Items from a dataset

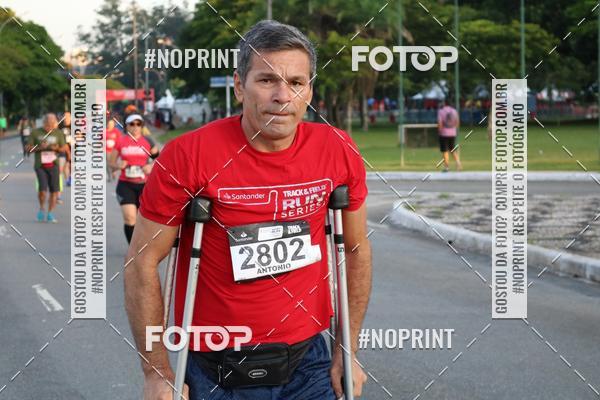 Buy your photos of the eventSANTANDER TRACK&FIELD RUN SERIES VILA NOVA CONCEIO - OBELISCO - Equipe ASI on Fotop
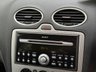 USED 2006 06 FORD FOCUS 1.6 Titanium Hatchback 5dr Petrol Manual (155 g/km, 113 bhp) 
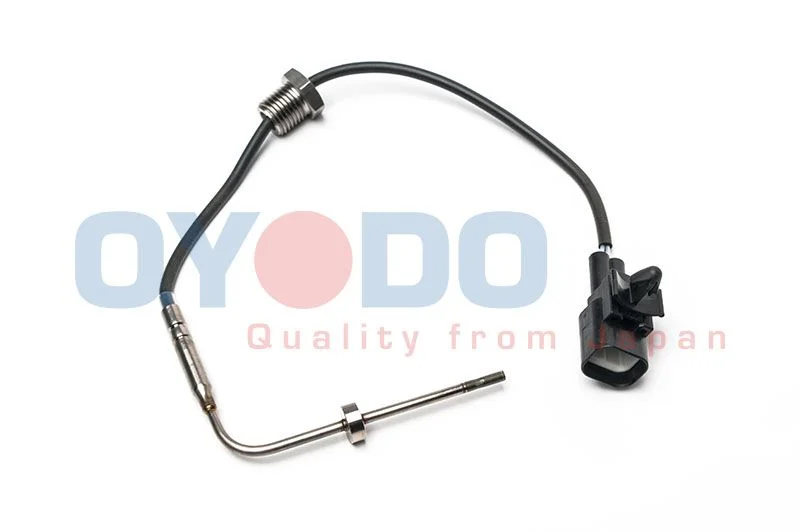 Sensor, exhaust pressure Oyodo 75E0111-OYO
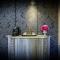 Relax in Style Boutique hotel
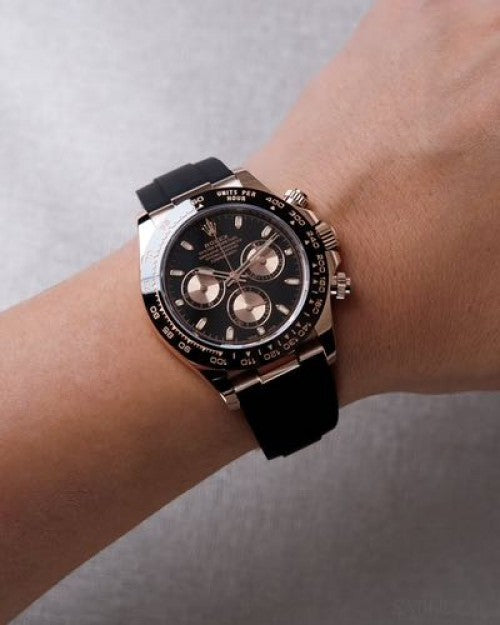 PREMIUM WATCHES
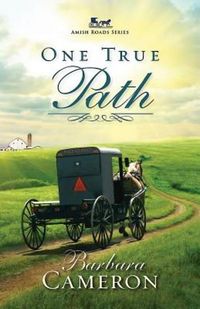 Produktbild: 1 True Path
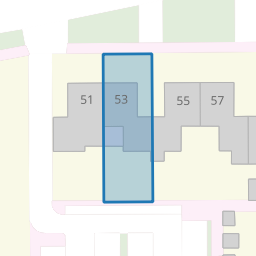 Perceel GLE01-A-1991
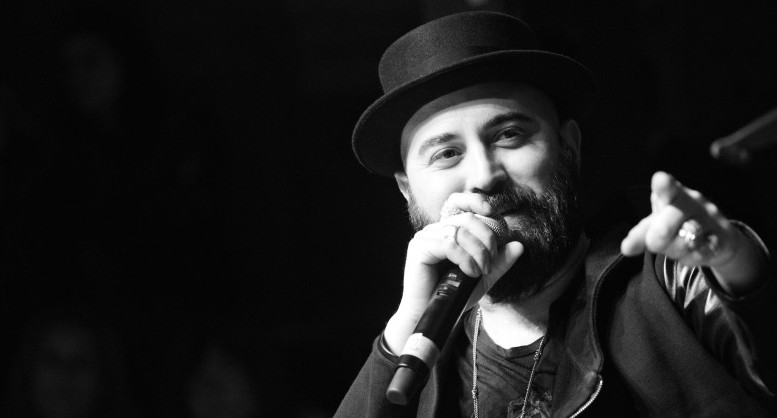 I Negramaro live il 5 luglio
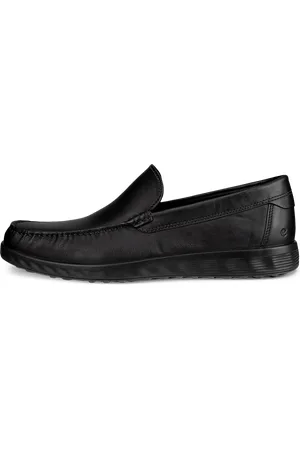 Ecco S Lite Moc M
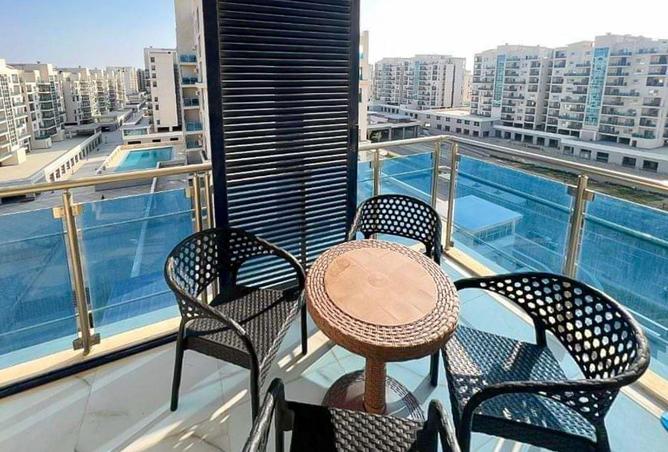 6231611 - Property Image 3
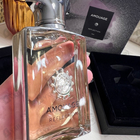 Парфюм Amouage Reflection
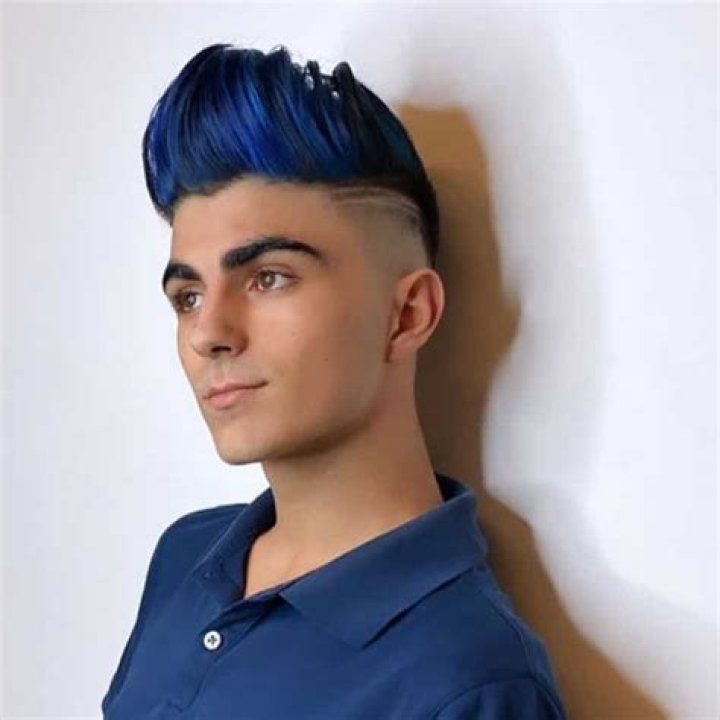 Kassius Lijah Marcil-Green Bio (Wiki) 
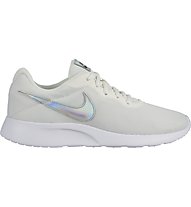 Nike Tanjun - Sneaker - Damen, White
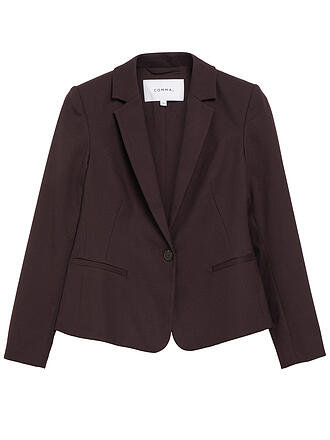 COMMA | Blazer 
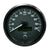 VDO SingleViu 100mm (4") Speedometer - 140 MPH [A2C3832850030] - Rough Seas Marine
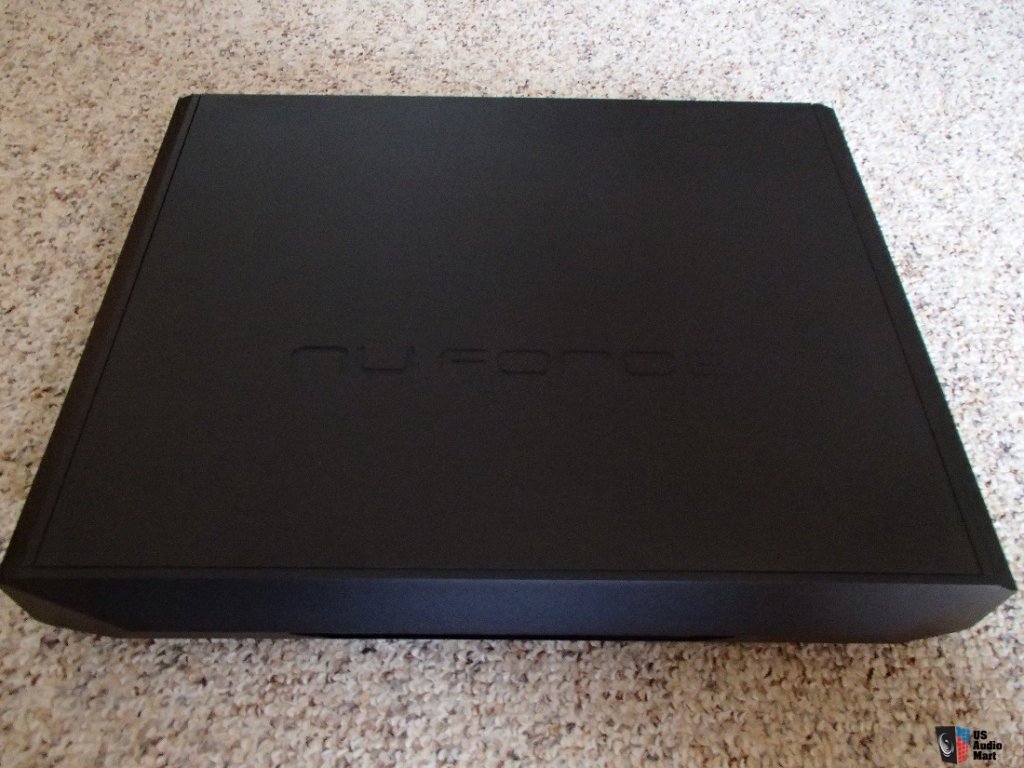 1541728-nuforce-reference-18-v 301-monoblock-amps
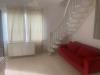 Villa in affitto arredato a Roma - 06, 4.jpg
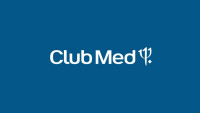 Club Méditerranée UK Ltd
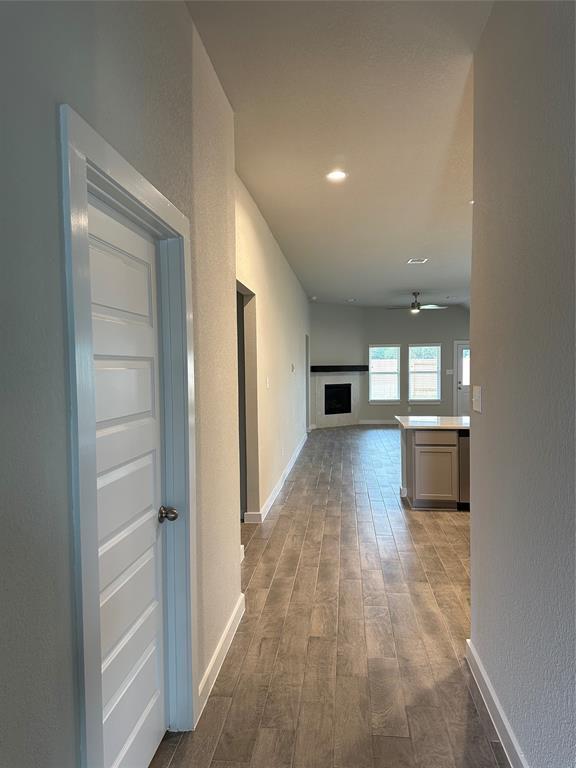 Building Photo - 5630 Silverleaf Oak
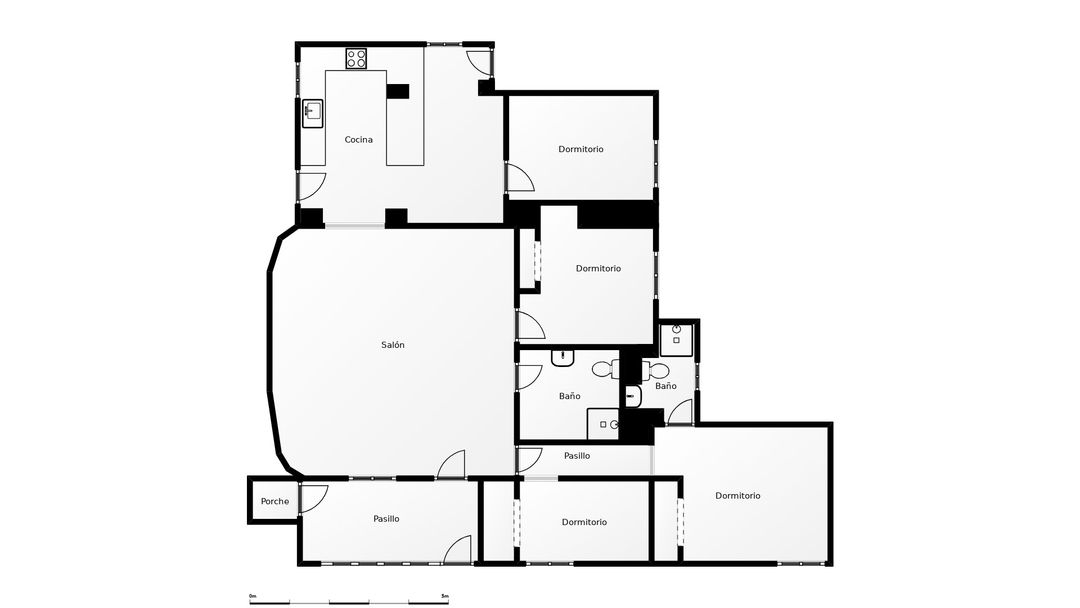 Property image 40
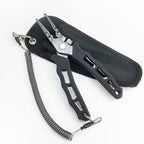 Multi-function Pliers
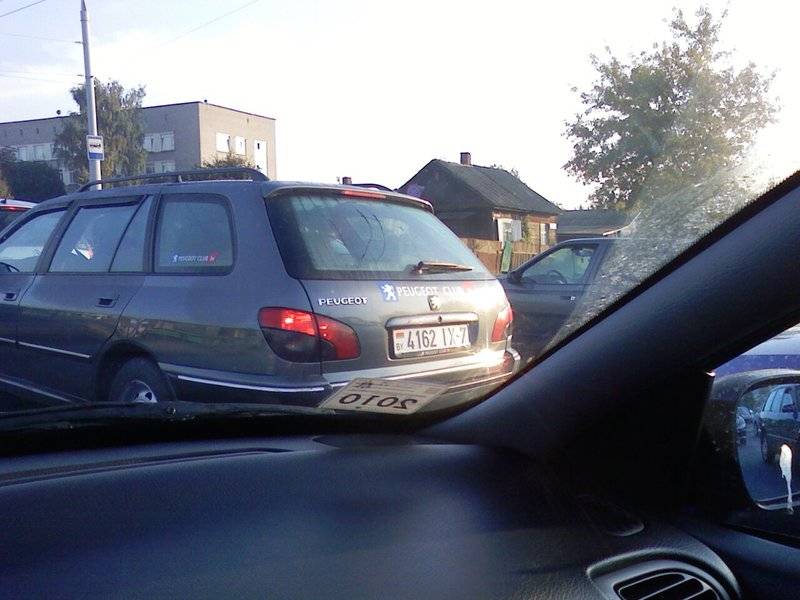 post-7526-0-51843500-1317126556_thumb.jp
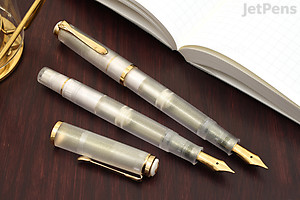 JetPens - The Best Pens & Stationery From Japan & Beyond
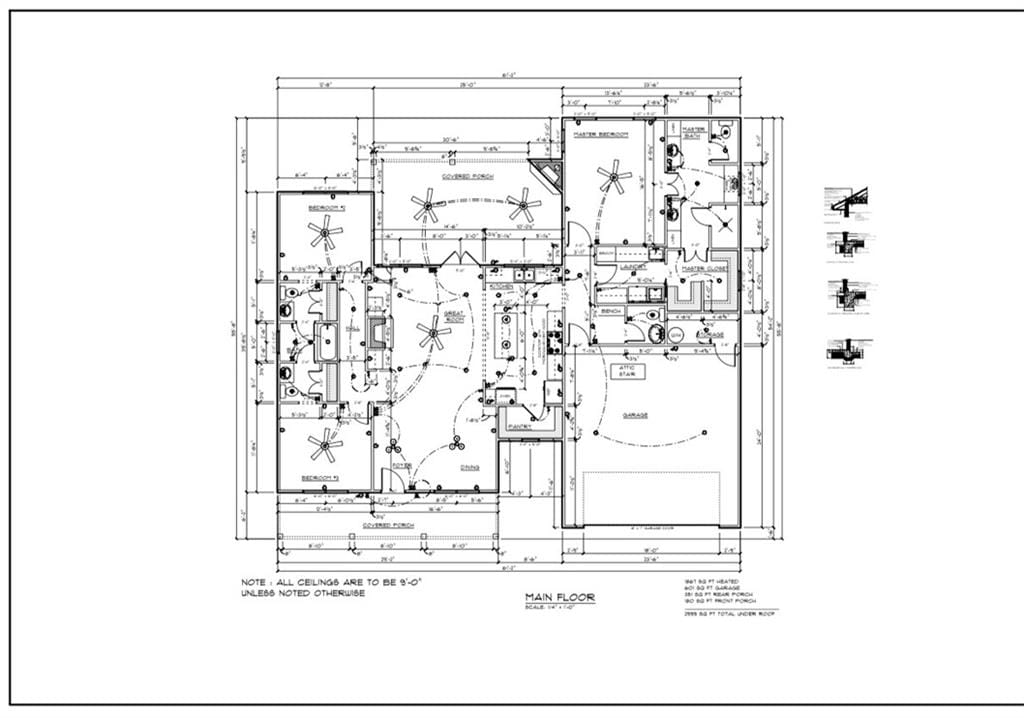 1040 Lee Rd 326, Smiths Station, AL, 36877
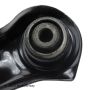 BECK/ARNLEY 102-4671 CONTROL ARM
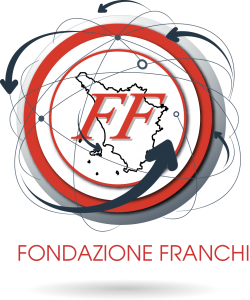 Fondazione Franchi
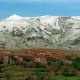 abdellah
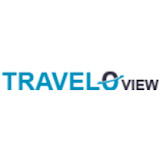 Traveloview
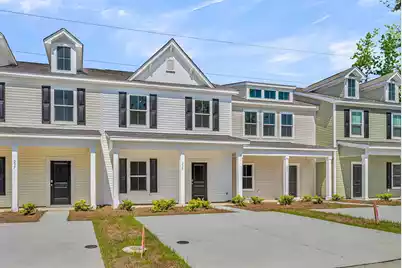 235 Harding Lane, Goose Creek, SC 29445 - Photo 3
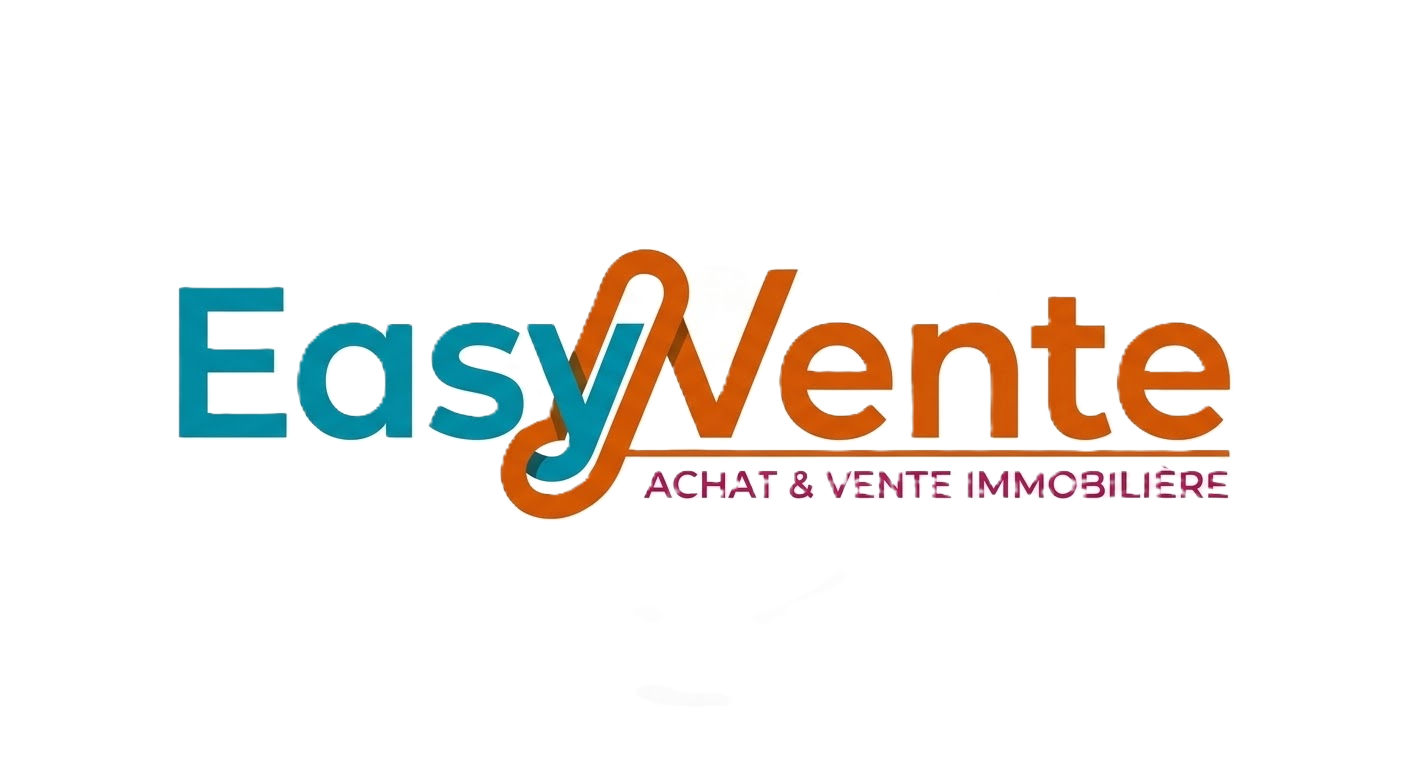 josh logo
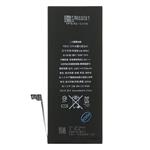 Apple iPhone 6S Plus Baterie 2750mAh li-Pol OEM (Bulk)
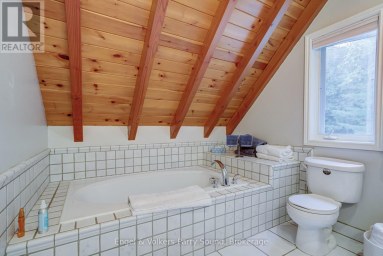 9 SAWDUST BAY ROAD N Carling Ontario photo 31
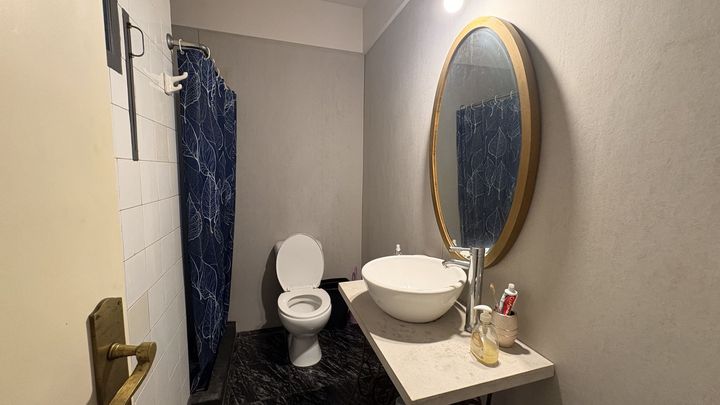 Foto de la propiedad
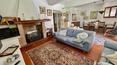 Toscana Immobiliare -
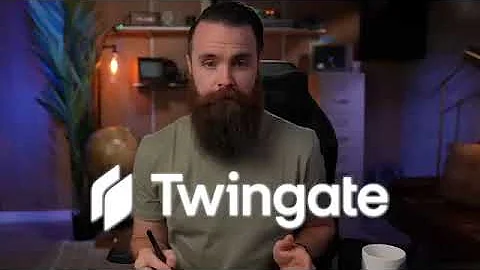 What is DNS  and how it makes the Internet work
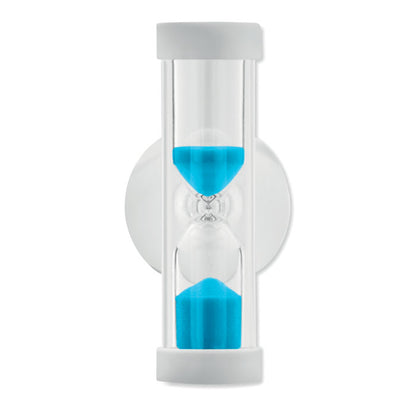 QUICKSHOWER - Shower Timer (4min)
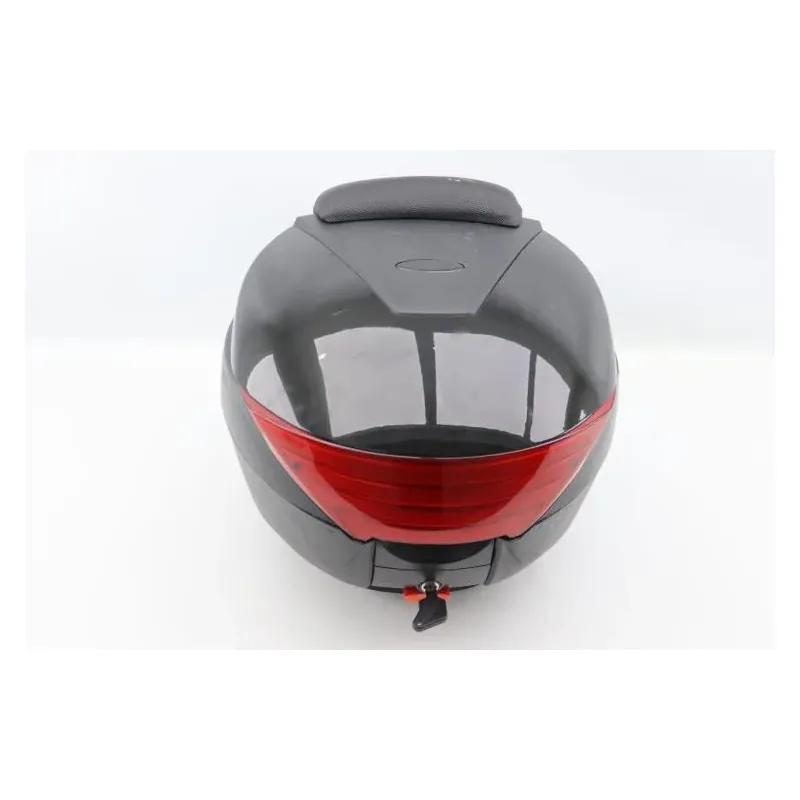 Top case EASY WATTS E RETRO 125 MAX ELECTRIQUE 2021 - 2024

**What needs to be done**: Copy exactly, please, every line from the one holding "Multi-function Pliers" through the last line of the data, both ends included, and no pictures.

**Result below**:
 Multi-function Pliers
 post-7526-0-51843500-1317126556_thumb.jp
 JetPens - The Best Pens & Stationery From Japan & Beyond
 1040 Lee Rd 326, Smiths Station, AL, 36877
 BECK/ARNLEY 102-4671 CONTROL ARM
 Fondazione Franchi
 abdellah
 Traveloview
 235 Harding Lane, Goose Creek, SC 29445 - Photo 3
 josh logo
 Apple iPhone 6S Plus Baterie 2750mAh li-Pol OEM (Bulk)
 9 SAWDUST BAY ROAD N Carling Ontario photo 31
 Foto de la propiedad
 Toscana Immobiliare -
 What is DNS  and how it makes the Internet work
 QUICKSHOWER - Shower Timer (4min)
 Top case EASY WATTS E RETRO 125 MAX ELECTRIQUE 2021 - 2024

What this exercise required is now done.